19 Jan 24 Nyos ne cherche pas à plaire à tout le monde !
Voilà presque dix ans que Tom Brooke et Tuomas Kainulainen se sont (bien) trouvés autour de leur passion commune pour la musique et nous assènent sans relâche – six albums au compteur déjà – leur post-math-rock percutant. Car comme bien d’autres formations (Hella, Chevreuil, Lightning Bolt…) l’ont déjà largement démontré par le passé, être un duo amène parfois à naturellement décupler les énergies en présence. Concernant Nyos, il suffit d’écouter quelques morceaux choisis de manière aléatoire au sein de sa discographie pour très vite saisir qu’un jeu de batterie dément couplé à un enchevêtrement de boucles de guitares sont la marque de fabrique des deux compères. Cet automne, à la veille d’une tournée européenne qui mettrait quiconque sur les rotules (24 dates d’affilée…), les Finlandais nous ont accordé un peu de leur temps depuis le studio de Tom, également QG du groupe.
Comment le groupe s’est-il formé ? Tom, qu’est-ce qui t’a amené à déménager du Royaume-Uni vers la Finlande ?
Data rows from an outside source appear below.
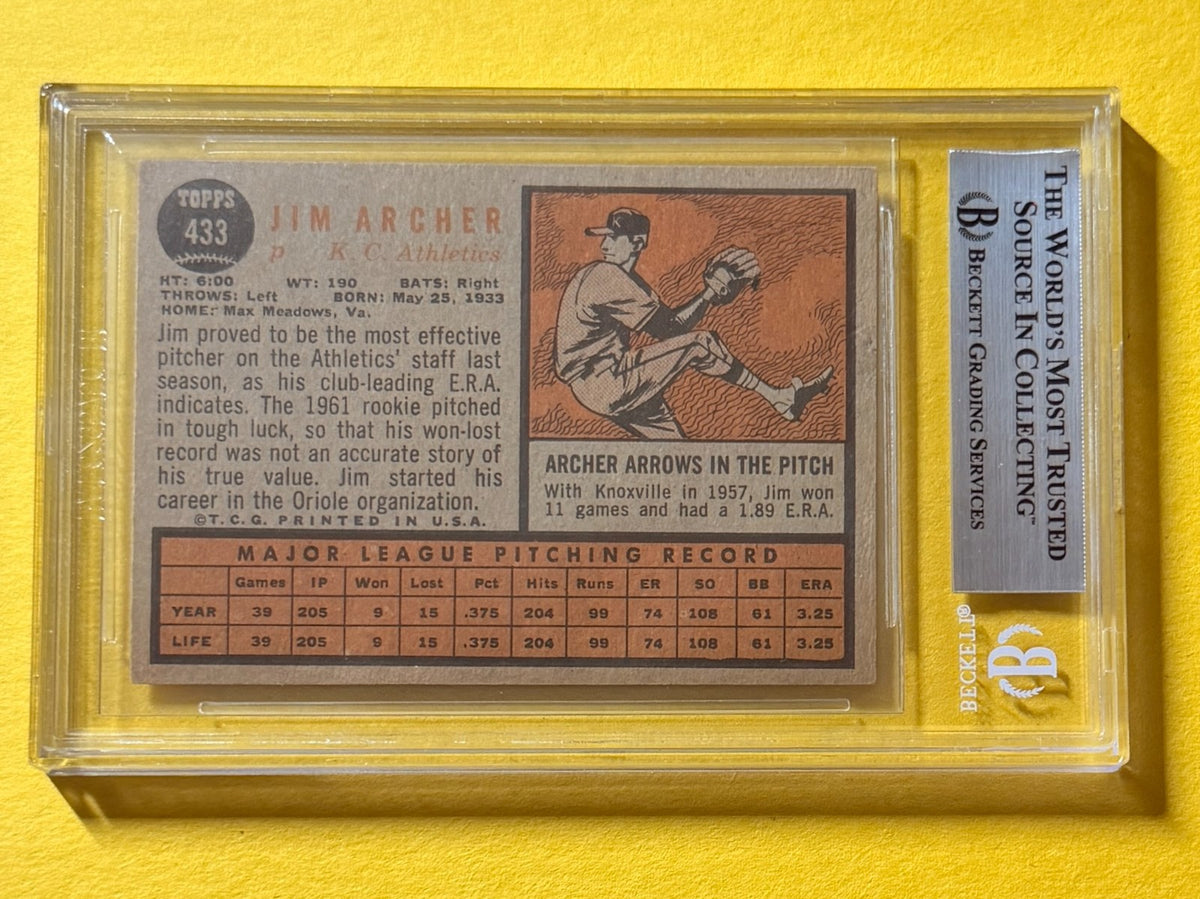 1962 TOPPS JIM ARCHER #433 SIGNED AUTO CARD BECKETT AUTHENTIC ATHLETICS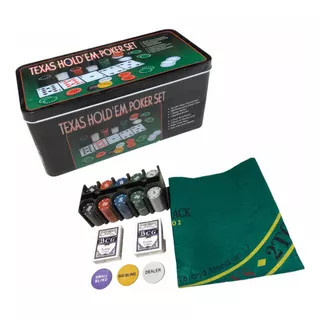 Poker Set Juego 200 Fichas Cartas Y Paño Black Jack Fichero-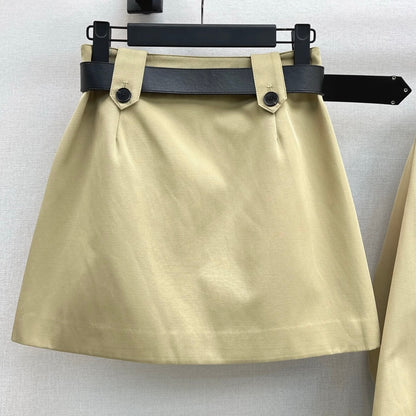 Vintage Utility Mini Skirt in Trench Fabric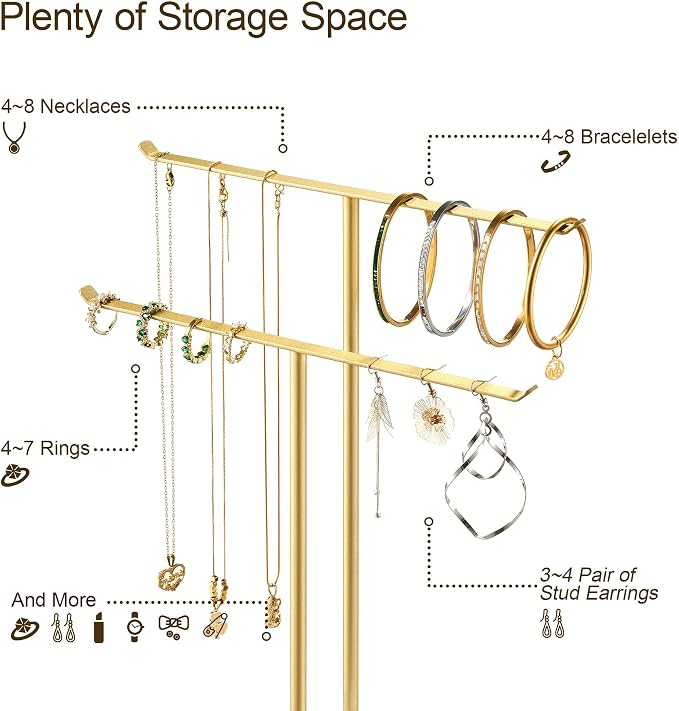 pickpiff Necklace Holder Jewelry Organizer Stand – 2‑Tier T‑Bar Jewelry Display Tree with Tray for Countertop Necklace Bracelet Earring Storage, Vanity Dresser Bathroom Sink, Gold - Image 5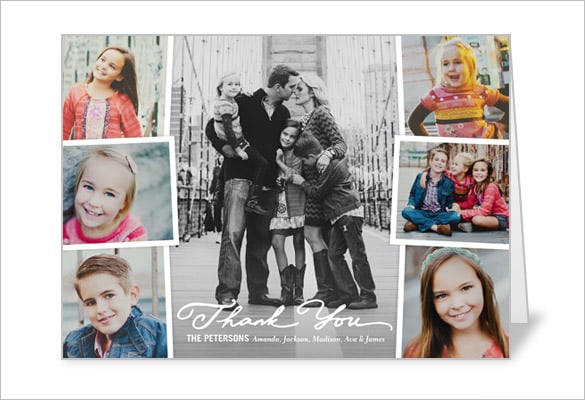 cherished moments photo collage thank you card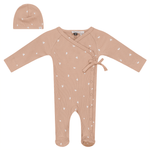 Little Fragile Ribbed Scattered Leaves Footie & Hat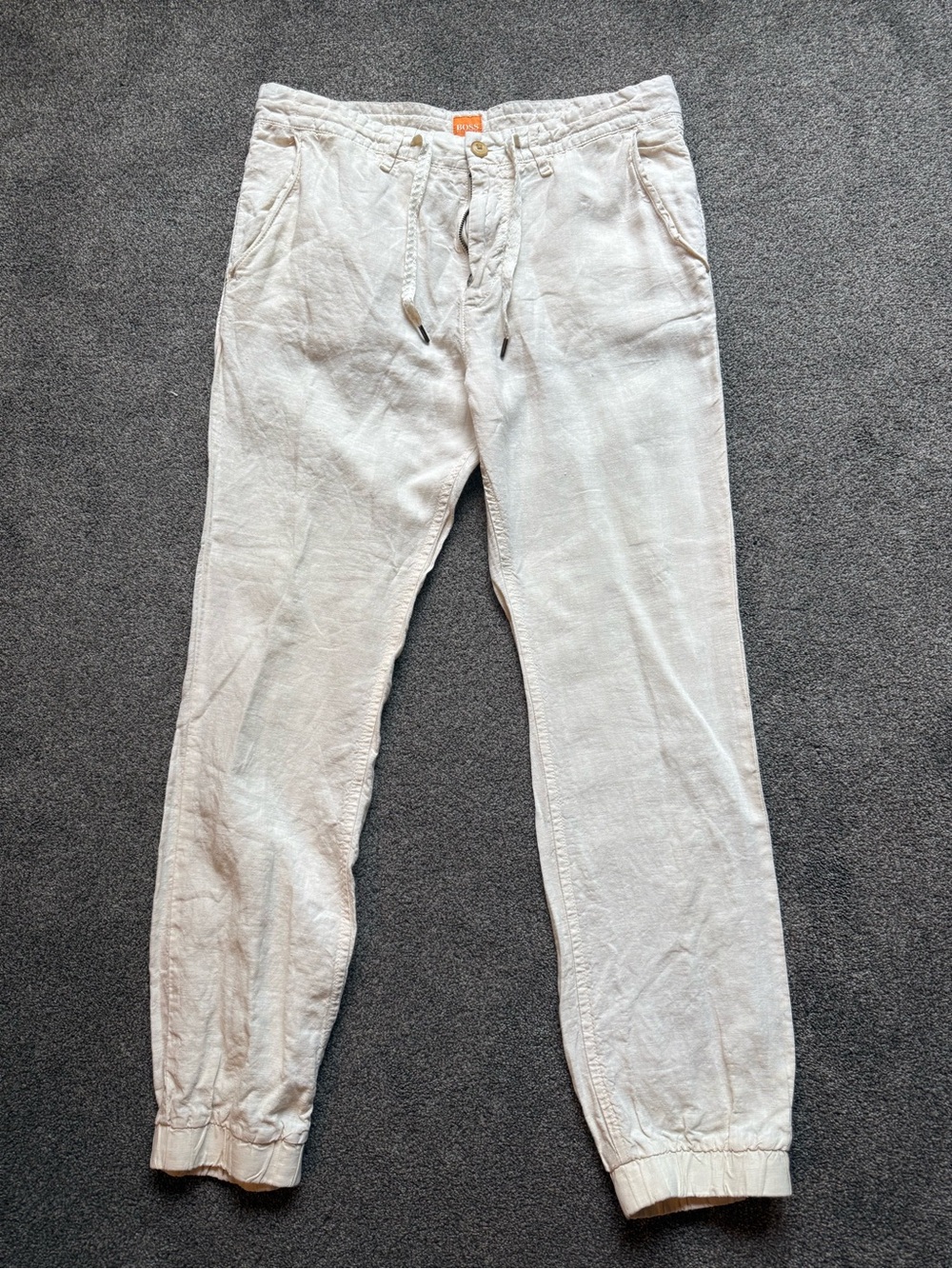 Boss Light Beige Drawstring Linen Joggers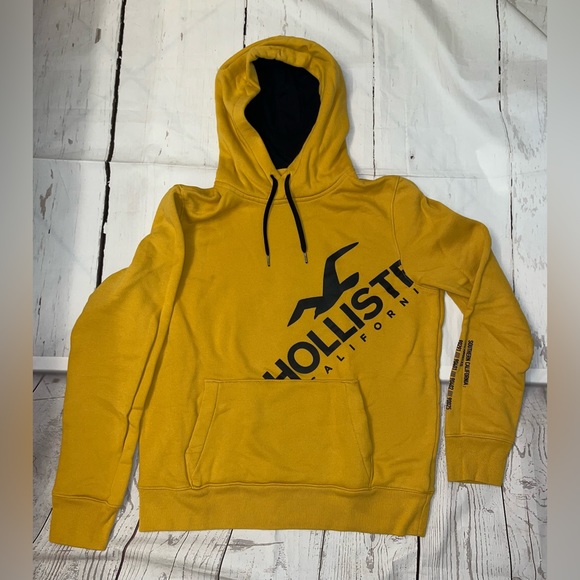 Hollister Pullover Hoodie Sweatshirt Dark Yellow Black Medium - Picture 11 of 12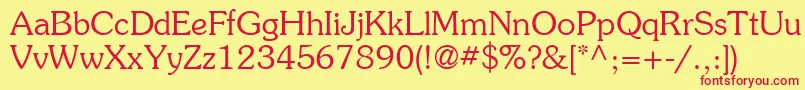 ItcSouvenirLtLight Font – Red Fonts on Yellow Background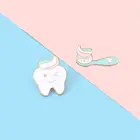 Эмалированные броши в виде зубьев, одежды, рюкзака, значки для фотодантистов, украшение сделай сам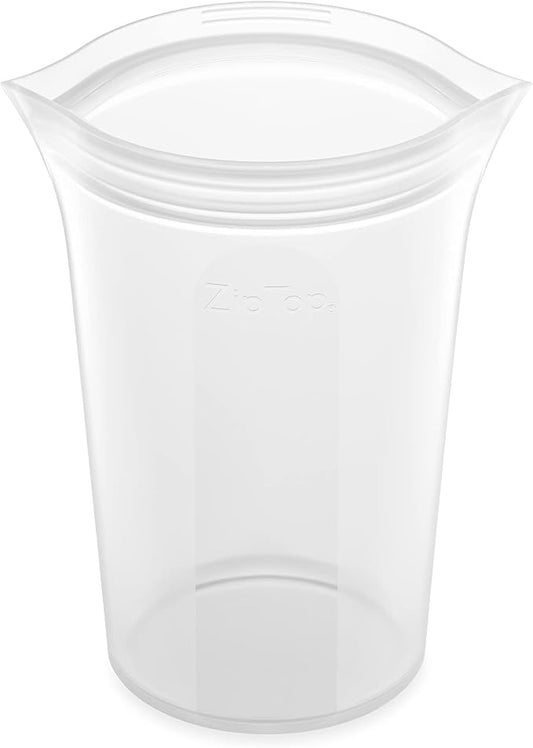 Zip Top Reusable Food Storage Bags | Large Cup [Frost] | Silicone Meal Prep Container | Microwave, Dishwasher and Freezer Safe | Made in the USA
Tom (guitare): Pour faire court, j’ai suivi ma petite amie qui est finlandaise. Je l’ai rencontrée ici quand je jouais avec mon ancien groupe, je l’ai donc rejoint. Tuomas était un de ses amis. Elle m’avait informé qu’il faisait de la batterie et m’avait conseillé d’essayer de jouer avec lui. On s’est toute de suite très bien entendus, donc on a commencé à traîner ensemble. Ce n’est qu’après deux ou trois ans que nous nous sommes finalement décidés à faire de la musique !
Tuomas (batterie): Avant ça, j’ai vécu à Prague pendant un certain temps. Là-bas, j’ai eu l’occasion de voir l’un des anciens groupes de Tom, Khuda. Je ne connaissais rien d’eux. C’était aussi un duo instrumental et je disais à ma petite amie d’alors que j’aimerais aussi beaucoup jouer dans un projet de ce genre. Je n’ai même pas parlé à Tom ce soir-là… Et après toutes ces années, je l’ai retrouvé par hasard dans ma ville natale, à Sula, dans le centre de la Finlande. C’était vraiment marrant !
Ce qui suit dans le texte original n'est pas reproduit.